======== PROVIDED RECORDS ========

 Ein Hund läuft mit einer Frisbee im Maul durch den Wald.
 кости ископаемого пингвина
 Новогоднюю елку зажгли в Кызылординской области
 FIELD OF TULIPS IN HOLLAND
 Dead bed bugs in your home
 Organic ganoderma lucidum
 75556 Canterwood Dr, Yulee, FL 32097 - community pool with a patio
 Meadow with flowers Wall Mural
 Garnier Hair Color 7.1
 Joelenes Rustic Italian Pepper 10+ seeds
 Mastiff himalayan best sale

========
======== PROVIDED RECORDS ========

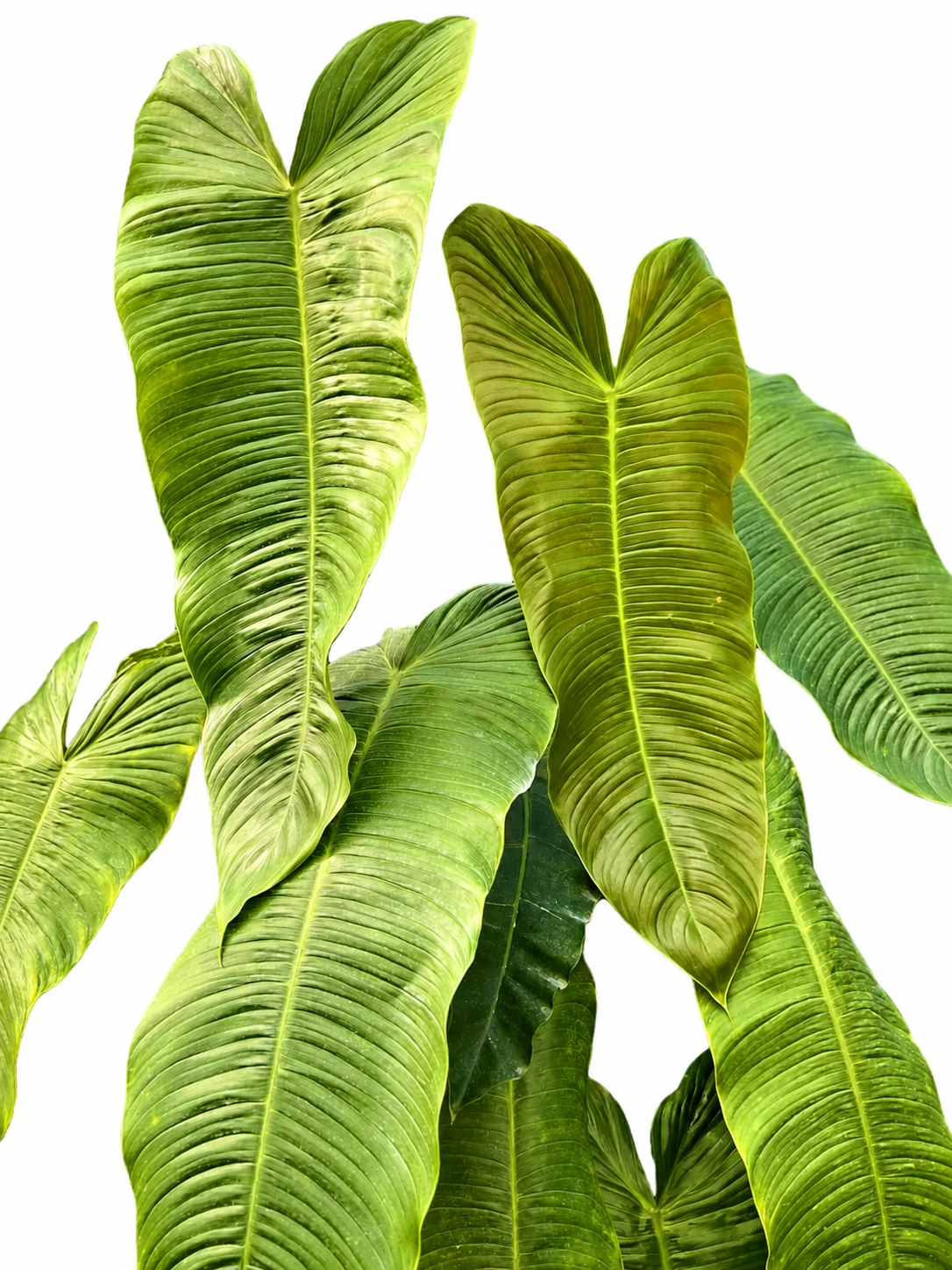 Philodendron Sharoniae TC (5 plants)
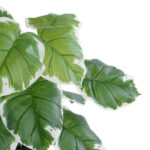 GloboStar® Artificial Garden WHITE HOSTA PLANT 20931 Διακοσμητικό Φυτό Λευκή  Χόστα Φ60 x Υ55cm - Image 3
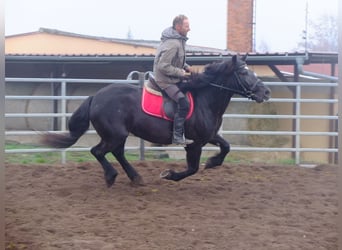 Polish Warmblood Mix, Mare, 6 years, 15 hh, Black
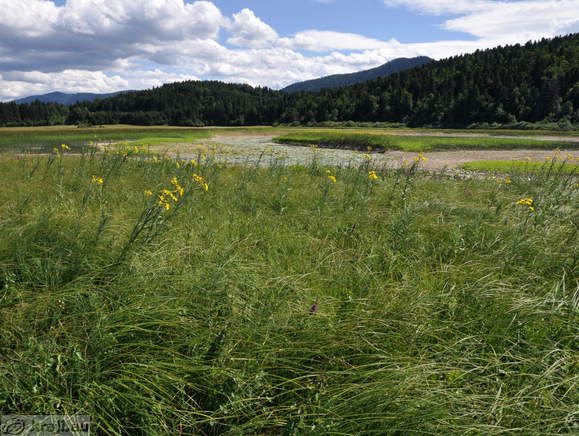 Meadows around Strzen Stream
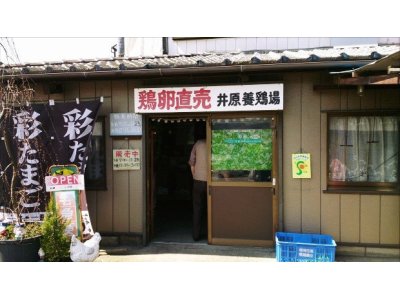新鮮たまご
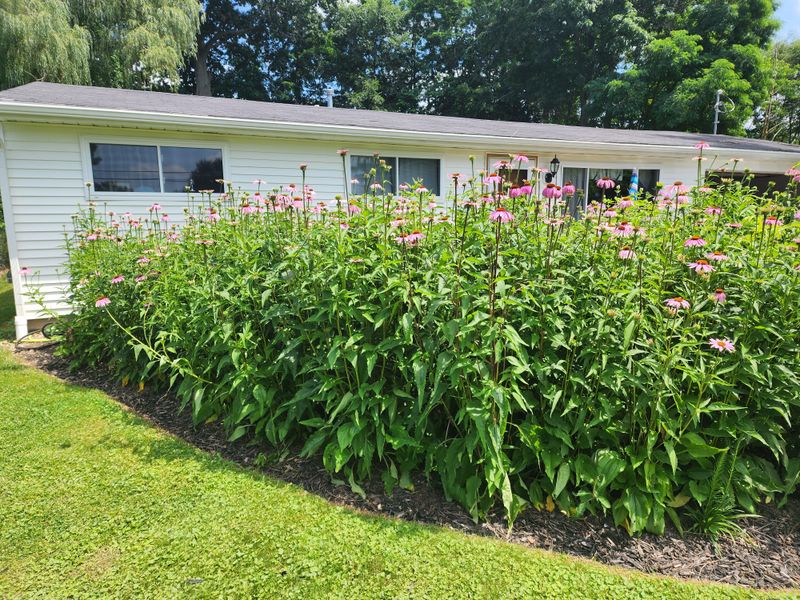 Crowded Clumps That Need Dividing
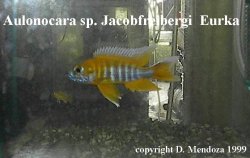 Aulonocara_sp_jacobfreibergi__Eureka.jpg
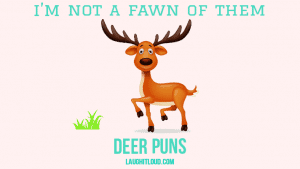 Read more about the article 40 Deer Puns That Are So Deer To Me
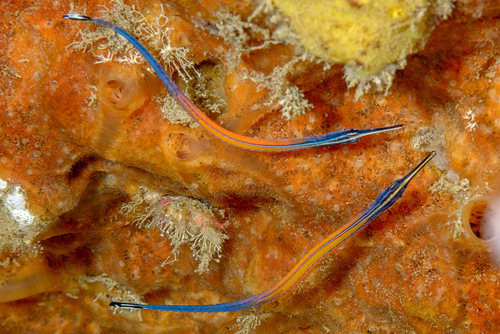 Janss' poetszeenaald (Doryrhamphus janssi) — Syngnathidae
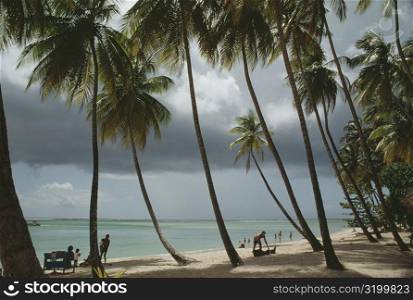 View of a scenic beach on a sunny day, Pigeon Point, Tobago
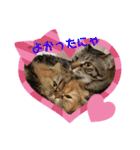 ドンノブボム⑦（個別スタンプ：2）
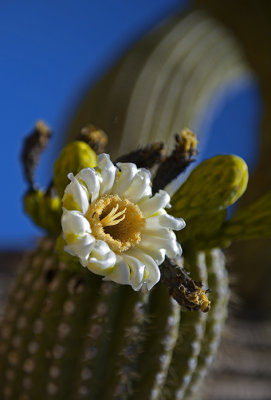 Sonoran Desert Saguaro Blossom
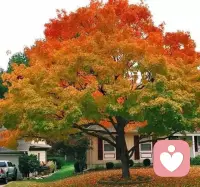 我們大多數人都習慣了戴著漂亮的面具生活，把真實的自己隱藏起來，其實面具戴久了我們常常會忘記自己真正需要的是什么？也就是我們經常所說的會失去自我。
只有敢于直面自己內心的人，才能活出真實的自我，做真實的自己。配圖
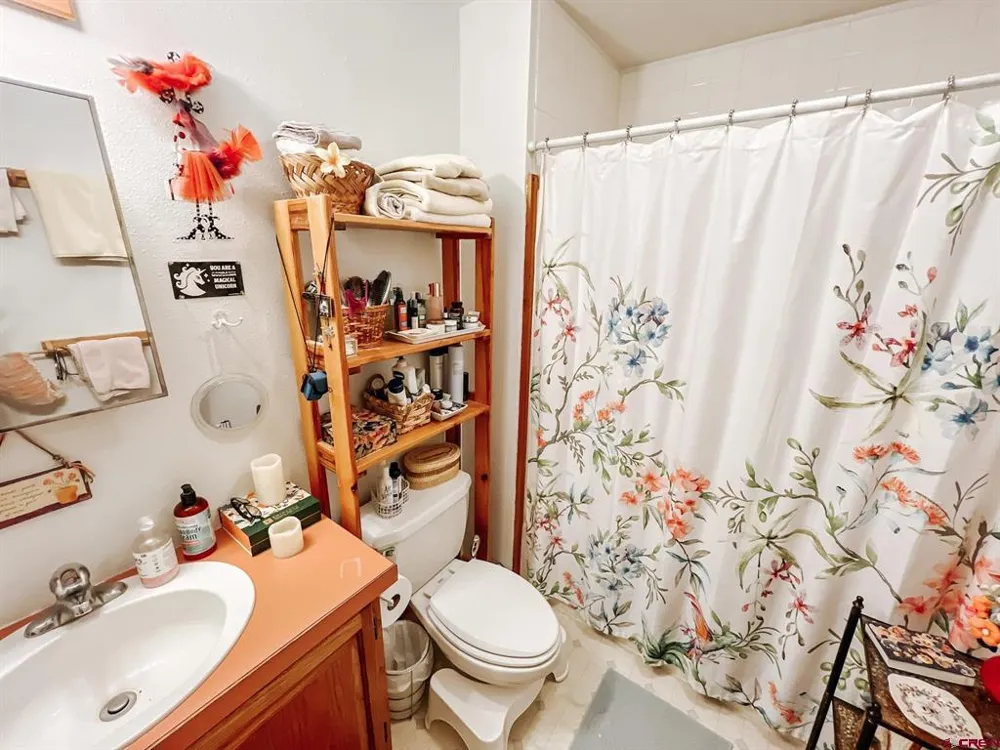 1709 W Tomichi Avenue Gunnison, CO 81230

========

§ **YOUR ASSIGNMENT**
Copy out exactly the material that runs from the line with "Janss' poetszeenaald (Doryrhamphus" to the line with "1709 W Tomichi Avenue Gunnison, CO 81230", ends included, and leave the pictures behind.

§ **EXERCISE OUTPUT**
 Janss' poetszeenaald (Doryrhamphus janssi) — Syngnathidae
 View of a scenic beach on a sunny day, Pigeon Point, Tobago
 ドンノブボム⑦（個別スタンプ：2）
 Sonoran Desert Saguaro Blossom
 我們大多數人都習慣了戴著漂亮的面具生活，把真實的自己隱藏起來，其實面具戴久了我們常常會忘記自己真正需要的是什么？也就是我們經常所說的會失去自我。
只有敢于直面自己內心的人，才能活出真實的自我，做真實的自己。配圖
 1709 W Tomichi Avenue Gunnison, CO 81230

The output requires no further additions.